From the data below, please reproduce exactly everything from the line that contains "image_1985EBBB-3145-4545-9931-3A33916BBA61_1765341472" down to the line that contains "仔猫物語?　親子夢の競演?", with both ends included.

Input data ->
——

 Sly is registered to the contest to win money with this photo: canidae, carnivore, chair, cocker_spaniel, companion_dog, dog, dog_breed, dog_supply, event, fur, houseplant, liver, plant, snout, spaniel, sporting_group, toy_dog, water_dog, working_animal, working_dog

——

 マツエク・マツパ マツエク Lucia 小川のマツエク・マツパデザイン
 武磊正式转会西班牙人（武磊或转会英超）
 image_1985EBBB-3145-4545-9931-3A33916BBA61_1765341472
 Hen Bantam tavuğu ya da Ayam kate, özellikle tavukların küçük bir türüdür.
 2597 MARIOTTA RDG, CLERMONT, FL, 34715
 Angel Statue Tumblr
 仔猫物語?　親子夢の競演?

——

The completed task ->
 image_1985EBBB-3145-4545-9931-3A33916BBA61_1765341472
 Hen Bantam tavuğu ya da Ayam kate, özellikle tavukların küçük bir türüdür.
 2597 MARIOTTA RDG, CLERMONT, FL, 34715
 Angel Statue Tumblr
 仔猫物語?　親子夢の競演?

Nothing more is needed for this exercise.